• **To do**:
Within the entries below, the lines from the one with "Rivers Breeze Relaxing" through the one with "Cama solteiro com" are to be set down exactly, both ends kept.

• **Information provided**:
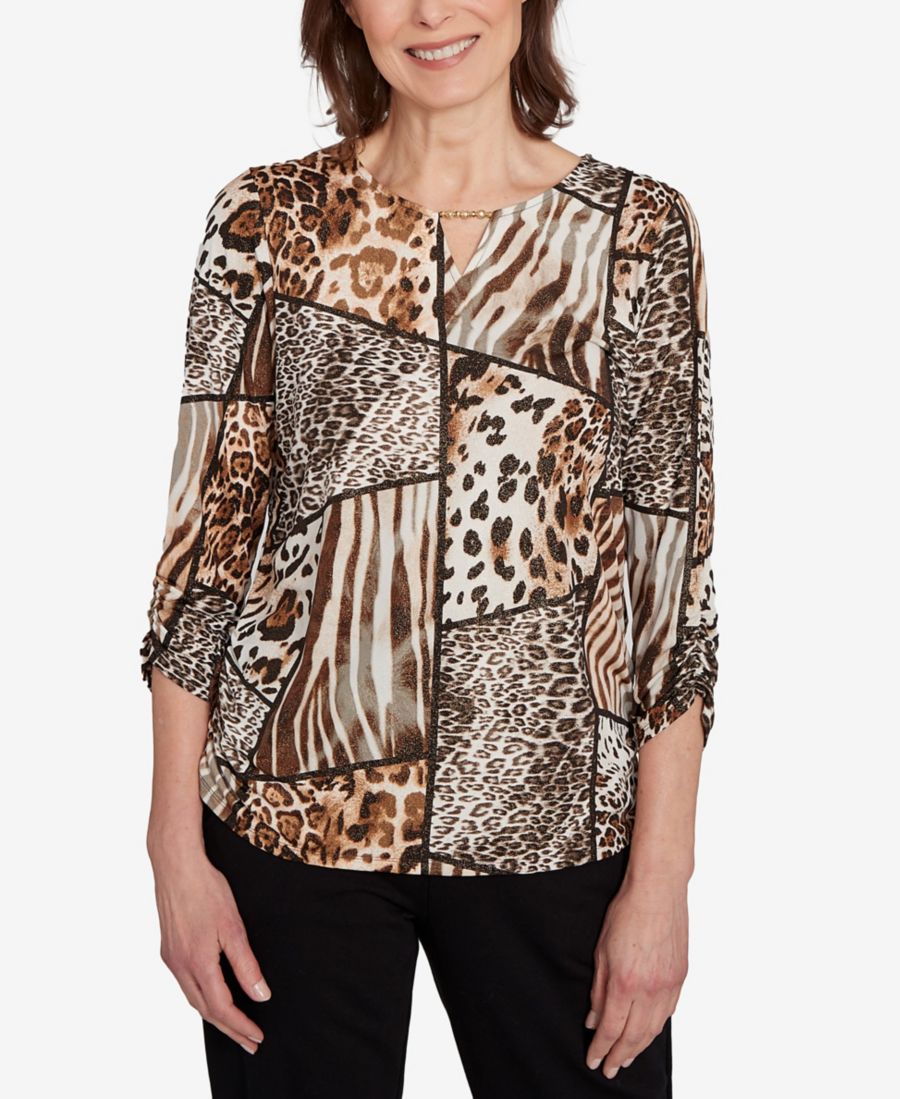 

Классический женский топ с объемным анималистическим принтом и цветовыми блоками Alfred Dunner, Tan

---

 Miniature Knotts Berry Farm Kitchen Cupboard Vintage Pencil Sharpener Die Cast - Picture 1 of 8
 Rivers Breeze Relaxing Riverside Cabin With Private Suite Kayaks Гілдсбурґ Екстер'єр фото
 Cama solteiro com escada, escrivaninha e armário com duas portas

• **Task result**:
 Rivers Breeze Relaxing Riverside Cabin With Private Suite Kayaks Гілдсбурґ Екстер'єр фото
 Cama solteiro com escada, escrivaninha e armário com duas portas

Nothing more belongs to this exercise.